Image-caption web data
▬▬▬▬▬▬▬▬▬▬

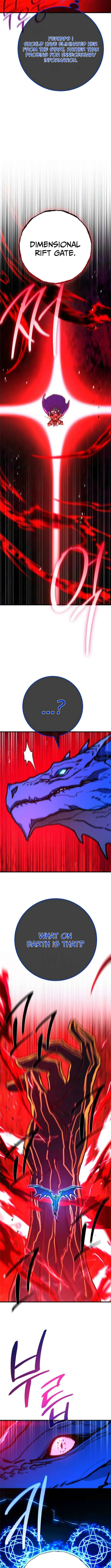 Read World's Strongest Troll Manga Online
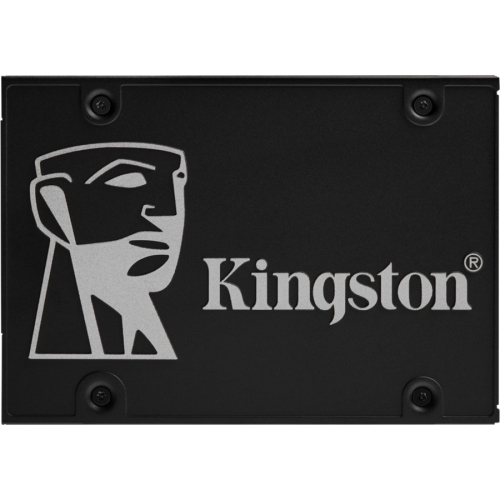 Kingston KC600 SSD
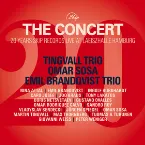 Pochette The Concert: 20 Years Skip Records Live at Laeiszhalle Hamburg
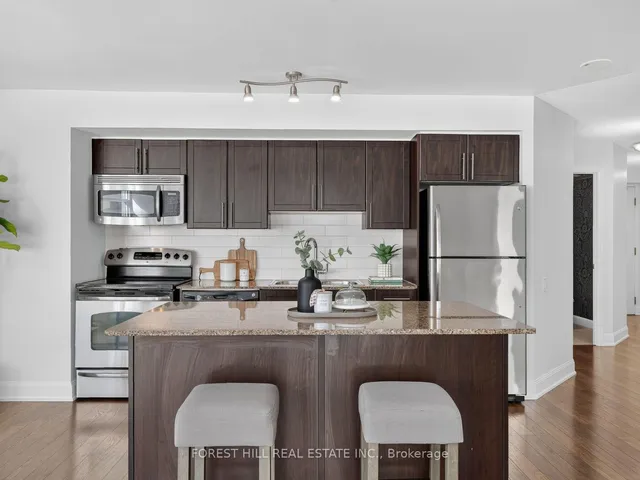 2191 Yonge St #1611, Toronto 4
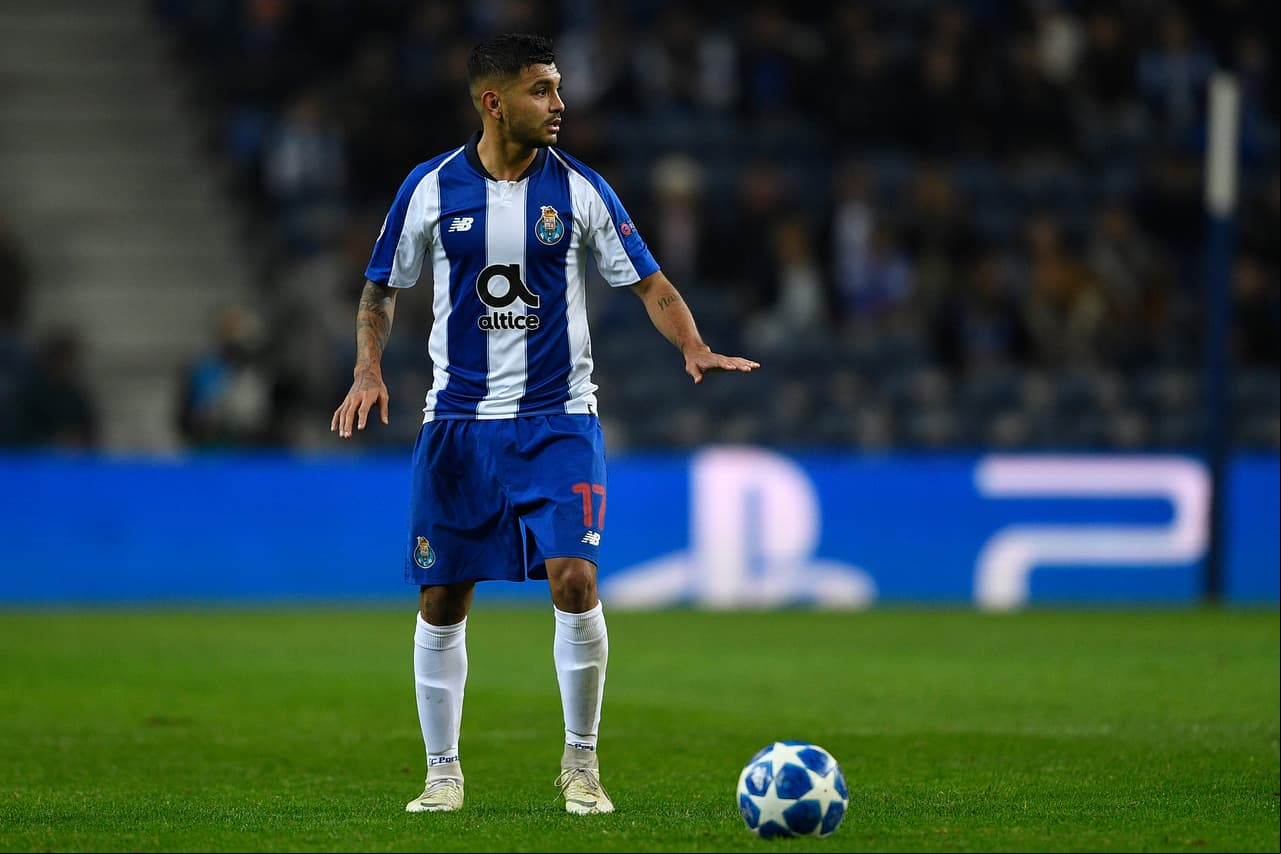 Jesús Corona: el Tecatito jugó 86 minutos en el último juego del Porto que acabó con empate con Rio Ave, resultado que los alejó del liderato. Este sábado el reto es ante Desportivo Aves esperando un resbalón del Benfica.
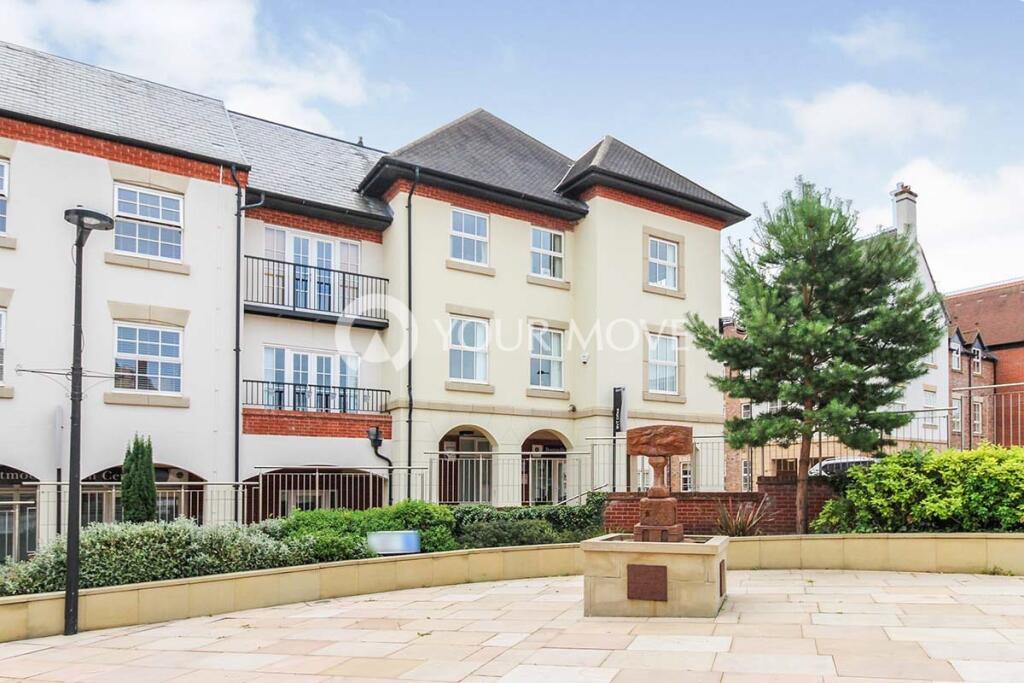 Main image of property: Green Moors, Lightmoor, Telford, Shropshire, TF4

▬▬▬▬▬▬▬▬▬▬

TASK TO CARRY OUT: Each entry above should be printed exactly, and any picture in it left out.

ANSWER AREA:
 Read World's Strongest Troll Manga Online
 Kingston KC600 SSD
 Pochette The Concert: 20 Years Skip Records Live at Laeiszhalle Hamburg
 2191 Yonge St #1611, Toronto 4
 Jesús Corona: el Tecatito jugó 86 minutos en el último juego del Porto que acabó con empate con Rio Ave, resultado que los alejó del liderato. Este sábado el reto es ante Desportivo Aves esperando un resbalón del Benfica.
 Main image of property: Green Moors, Lightmoor, Telford, Shropshire, TF4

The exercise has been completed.